I recently, very briefly, worked with a Web startup based in Beijing (the "Startup"). The CEO of this company, an apparently very intelligent, focussed individual with great talent motivating sales and marketing people, takes as his guiding principle a quote from Guy Kawasaki, "Don't worry, be crappy".
The problem with that approach for the Startup, as I see it, is two-fold. To start, Kawasaki makes clear in his commentary that he's referring strictly to products that are truly innovative breakthroughs, exemplars of a whole new way of looking at some part of the world. Very few products or companies meet that standard (and even if yours does, Kawasaki declares, you should eliminate the crappiness with all possible speed). No matter how simultaneously useful and geeky the service offered by the Startup's site is, it is, at best, a novel and useful twist resting on several existing, innovative-in-their-day technologies. (A friend who I explained the company to commented that "it sounds as innovative as if Amazon.com only sold romance novels within the city limits of Boston" — hardly a breakthrough concept). Indeed, Kawasaki makes clear that he's talking about order-of-magnitude innovation; the examples he cites are the jump from daisy-wheel to laser printing and the Apple Macintosh.
The second, more insidious, problem with the approach, and the trap that many early-1990s Silicon Valley startups fell into, is that you take crappiness as a given, without even trying to deliver the one-two punch of true innovation and a sublimely well-engineered product that immediately raises the bar for would-be "me-too" copycats. (Sony, for instance, has traditionally excelled at this, as has the Apple iPod (learning from the mistakes Kawasaki cites for the earliest Macintosh). Deliver crap, and anybody can compete with you once they understand the basics of your product. The wireless mouse is a good example of this.
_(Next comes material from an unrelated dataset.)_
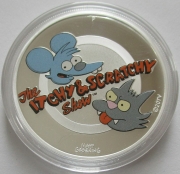 Tuvalu 1 Dollar 2021 The Simpsons Itchy & Scratchy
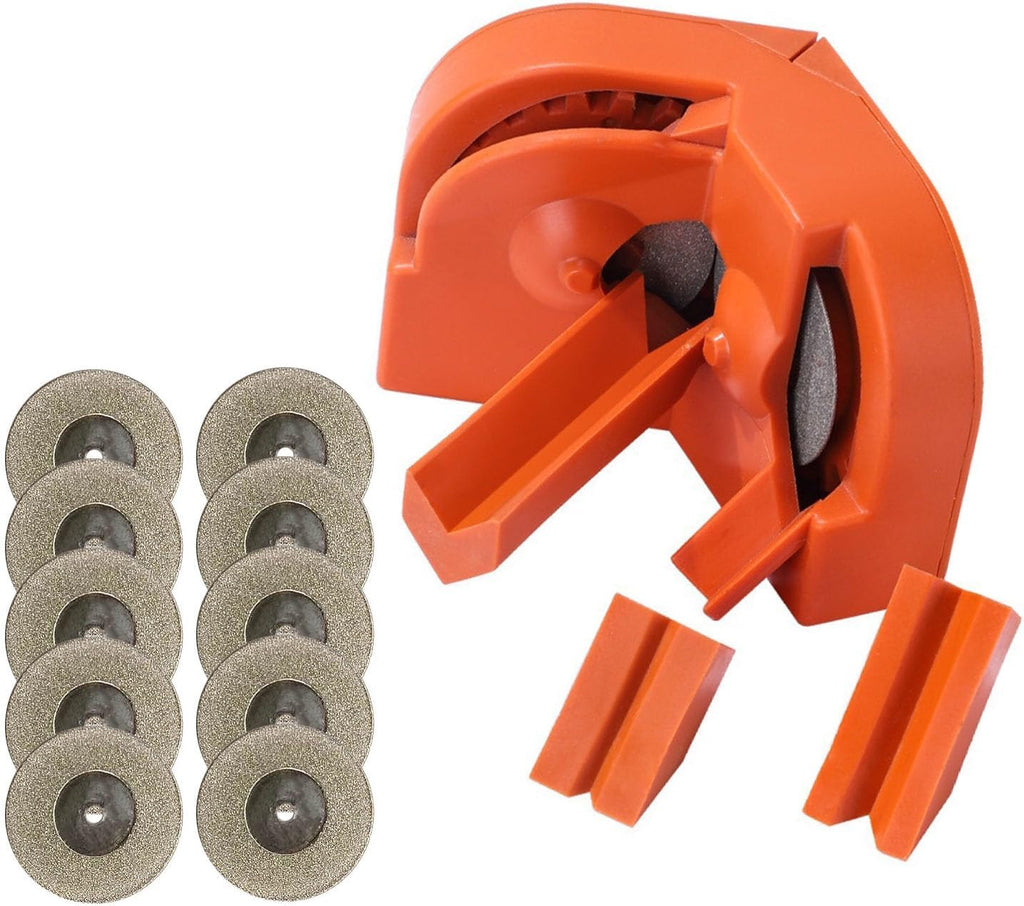 Multipurpose Drill Bit Grinding Sharpener, Drill Bit Sharpener for All Bits, ABS Professional Electric Drill Bit Sharpener Portable Drill Bit Sharpener, Drill Grinder Grinding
If you tell yourself from the get-go that you'll be satisfied if you ship a 70%-quality product, what will happen is that, as time goes by, that magical 70% becomes 50%, then 30%, then whatever it takes to meet the date you told the investors. And if management doesn't trust engineering to give honest, realistic estimates (as is typical in software and pandemic in startups), you have a recipe for disaster: engineering takes a month to come back with an estimate that development will take 12-18 months; management hears '12' and automatically cuts that to 6 and pushes to have a "beta" out in 4. The problem is that, if you're dealing with an even marginally innovative product, things are not cut-and-dried; the engineers will have misunderstood some aspects of the situation, underestimated certain risks, and been completely blind to others. This was pithily summed up, in another field entirely, by Donald Rumsfeld:
There are known "knowns." There are things we know that we know. There are known unknowns. That is to say there are things that we now know we don't know. But there are also unknown unknowns. There are things we don't know we don't know. So when we do the best we can and we pull all this information together, and we then say well that's basically what we see as the situation, that is really only the known knowns and the known unknowns. And each year, we discover a few more of those unknown unknowns.
Companies that simultaneously forget the ramifications of this while taking too puffed-up a view of themselves are leaving themselves vulnerable to delivering nothing more useful or profitable than the old pets.com (not the current PetSmart) sock puppet — and probably nothing that memorable, either.
And that further assumes that they don't fall prey to preventable disasters like losing the only hard drive running a production server built with non-production, undocumented software. If Web presence defines a "Web 2.0" company in the eyes of its customers and investors, going dark could be very costly indeed.